Return exactly the lines below, starting with the one that has "Applique murale LED" and going on through the one that has "Gallery image thumbnail".

******************************

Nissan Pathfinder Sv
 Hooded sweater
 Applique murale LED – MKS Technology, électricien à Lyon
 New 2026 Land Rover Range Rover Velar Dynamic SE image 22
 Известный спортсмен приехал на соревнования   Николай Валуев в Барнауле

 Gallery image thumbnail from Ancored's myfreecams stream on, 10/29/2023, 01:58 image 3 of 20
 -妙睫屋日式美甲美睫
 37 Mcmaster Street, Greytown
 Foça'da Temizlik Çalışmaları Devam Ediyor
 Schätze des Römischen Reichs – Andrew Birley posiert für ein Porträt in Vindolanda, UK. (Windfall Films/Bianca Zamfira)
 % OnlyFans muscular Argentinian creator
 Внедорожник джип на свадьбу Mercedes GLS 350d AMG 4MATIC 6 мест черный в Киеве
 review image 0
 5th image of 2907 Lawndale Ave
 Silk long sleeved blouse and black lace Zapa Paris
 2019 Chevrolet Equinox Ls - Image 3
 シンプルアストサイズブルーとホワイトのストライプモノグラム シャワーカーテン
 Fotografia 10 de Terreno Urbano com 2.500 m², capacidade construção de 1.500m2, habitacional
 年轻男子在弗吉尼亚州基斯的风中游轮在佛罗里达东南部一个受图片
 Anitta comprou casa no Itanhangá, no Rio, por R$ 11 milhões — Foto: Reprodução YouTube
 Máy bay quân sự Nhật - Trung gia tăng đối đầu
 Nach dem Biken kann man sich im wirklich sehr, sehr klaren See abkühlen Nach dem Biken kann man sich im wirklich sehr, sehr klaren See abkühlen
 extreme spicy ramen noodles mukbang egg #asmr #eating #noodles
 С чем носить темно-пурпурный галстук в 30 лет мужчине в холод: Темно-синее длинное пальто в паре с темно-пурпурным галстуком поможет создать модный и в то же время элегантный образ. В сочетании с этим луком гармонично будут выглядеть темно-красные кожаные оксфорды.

******************************

### REPLY
 Applique murale LED – MKS Technology, électricien à Lyon
 New 2026 Land Rover Range Rover Velar Dynamic SE image 22
 Известный спортсмен приехал на соревнования   Николай Валуев в Барнауле

 Gallery image thumbnail from Ancored's myfreecams stream on, 10/29/2023, 01:58 image 3 of 20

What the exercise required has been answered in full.